Accelerate deep learning function for custom training loops

Since R2021a

    Description

    Use dlaccelerate to speed up deep learning function evaluation for custom training loops.

    The returned AcceleratedFunction object caches the traces of calls to the underlying function and reuses the cached result when the same input pattern reoccurs.

    Try using dlaccelerate for function calls that:

    • are long-running

    • have dlarray objects, structures of dlarray objects, or dlnetwork objects as inputs

    • do not have side effects like writing to files or displaying output

    Invoke the accelerated function as you would invoke the underlying function. Note that the accelerated function is not a function handle.

    Note

    When using the dlfeval function, the software automatically accelerates the forward and predict functions for dlnetwork input. If you accelerate a deep learning function where the majority of the computation takes place in calls to the forward or predict functions for dlnetwork input, then you might not see an improvement in training time.

    For more information, see Deep Learning Function Acceleration for Custom Training Loops.

    example

    accfun = dlaccelerate(fun) creates an AcceleratedFunction object that retains the underlying traces of the specified function handle fun.

    Caution

    An AcceleratedFunction object is not aware of updates to the underlying function. If you modify the function associated with the accelerated function, then clear the cache using the clearCache object function or alternatively use the command clear functions.

    Examples

    collapse all

    Load the dlnetwork object and class names from the MAT file dlnetDigits.mat.
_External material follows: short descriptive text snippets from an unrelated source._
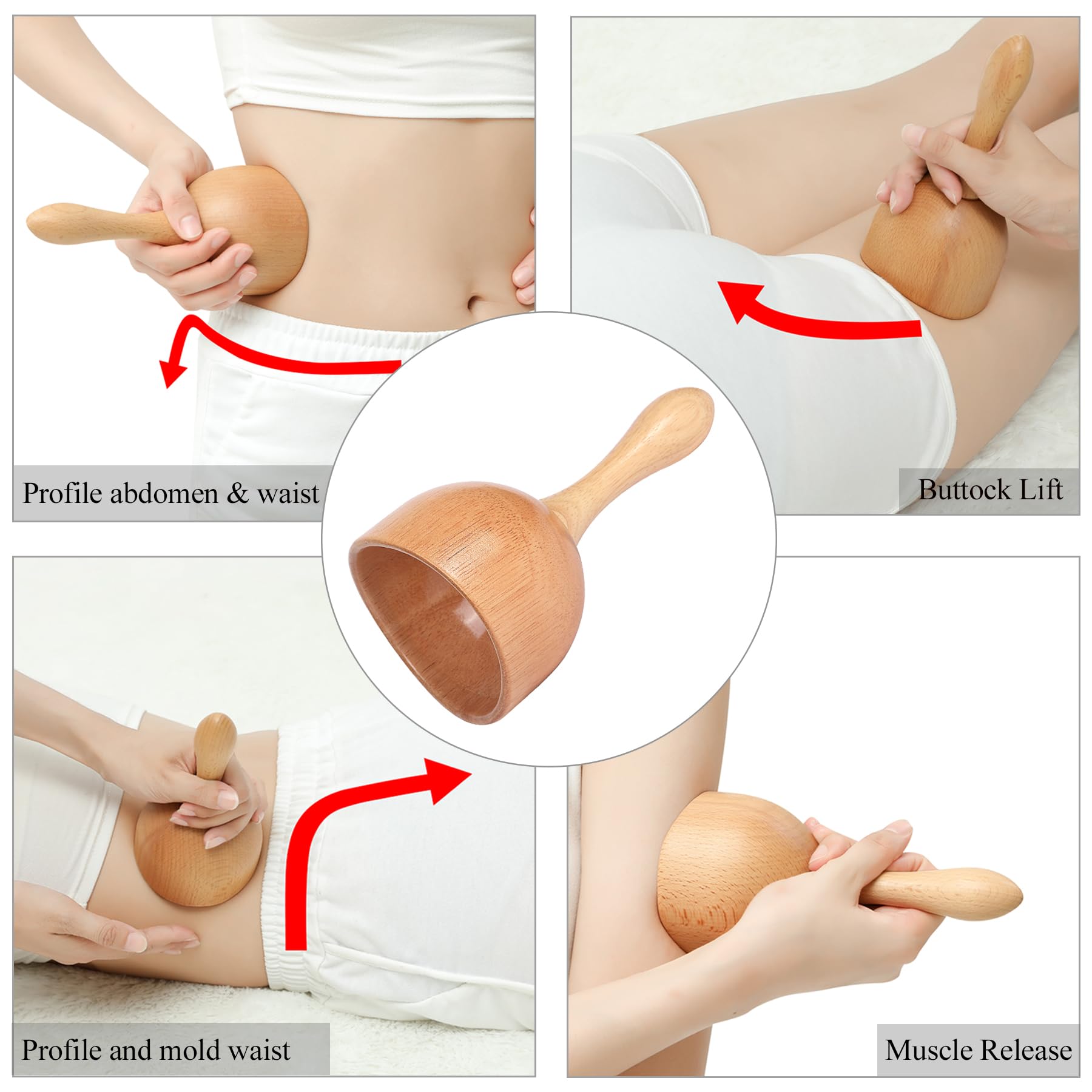 Komogir Maderoterapia Massage Tools for Deep Muscle Relief

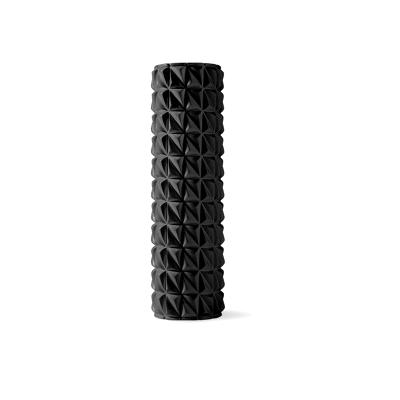 China Healthy Eva Massage For Yoga Deep Tissue EVA Foam Exercise Wheel Foam Roller Yoga Pillar Massage Stick Pilates Pilates Hollow Multiple Color Shaft Black for sale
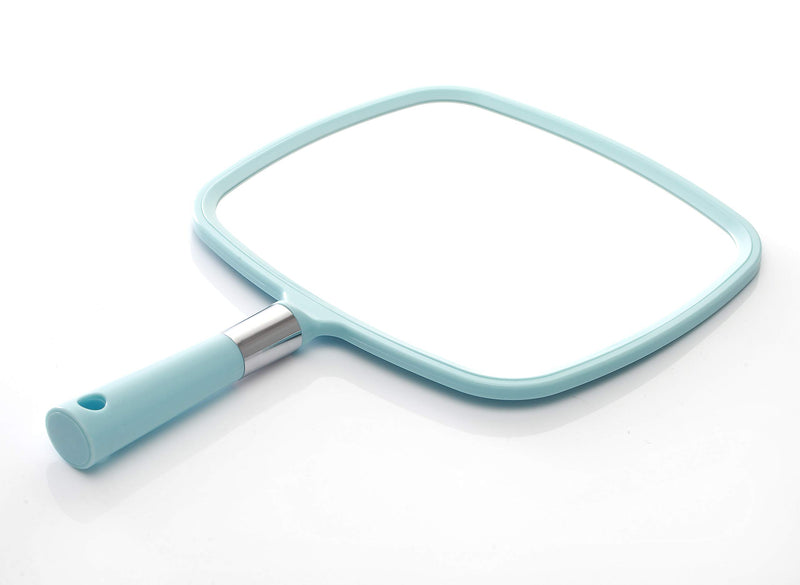 [Australia] - Miss Sweet Handheld Mirror Makeup Mirror (Blue) Blue 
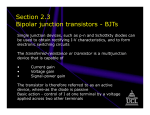 Section 2.3 Bipolar junction transistors
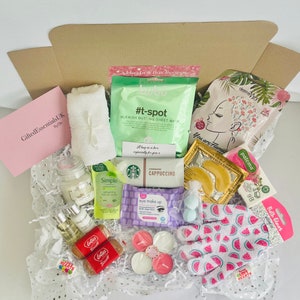 pamper gift box,birthday , Care package , Hug in a box, Mum sister,Best friend, Thinking of you, Hamper , De-stress, Gift for her birthday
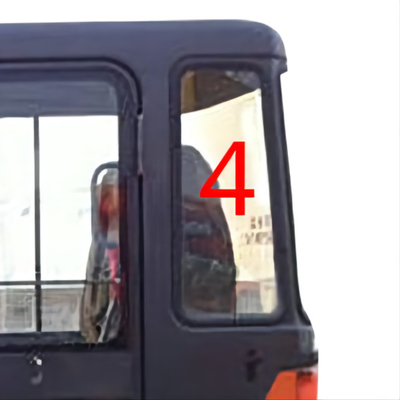 Замена заднего лобового стекла экскаватора DAEWOO DH55 стеклянная закалила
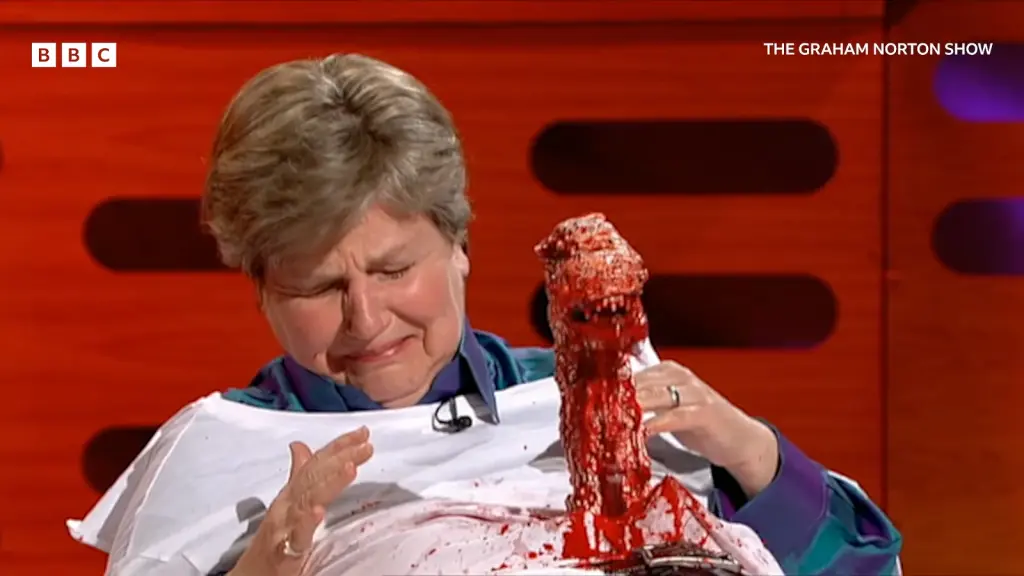 Celebrity guest sharing a spooky story on The Graham Norton Show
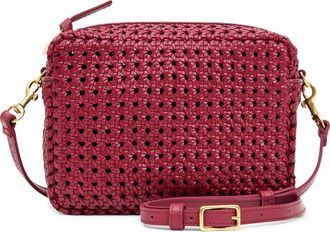 Clare Vivier Midi Sac Woven Crossbody Bag in Plummy at Nordstrom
    s = load("dlnetDigits.mat");
    net = s.net;
    classNames = s.classNames;

    Accelerate the model loss function modelLoss listed at the end of the example.

    fun = @modelLoss;
    accfun = dlaccelerate(fun);

    Clear any previously cached traces of the accelerated function using the clearCache function.

    clearCache(accfun)

    View the properties of the accelerated function. Because the cache is empty, the Occupancy property is 0.

    accfun
    accfun = 
      AcceleratedFunction with properties:
    
              Function: @modelLoss
               Enabled: 1
             CacheSize: 50
               HitRate: 0
             Occupancy: 0
             CheckMode: 'none'
        CheckTolerance: 1.0000e-04
    
    

    The returned AcceleratedFunction object stores the traces of underlying function calls and reuses the cached result when the same input pattern reoccurs. To use the accelerated function in a custom training loop, replace calls to the model gradients function with calls to the accelerated function. You can invoke the accelerated function as you would invoke the underlying function. Note that the accelerated function is not a function handle.

    Evaluate the accelerated model gradients function with random data using the dlfeval function.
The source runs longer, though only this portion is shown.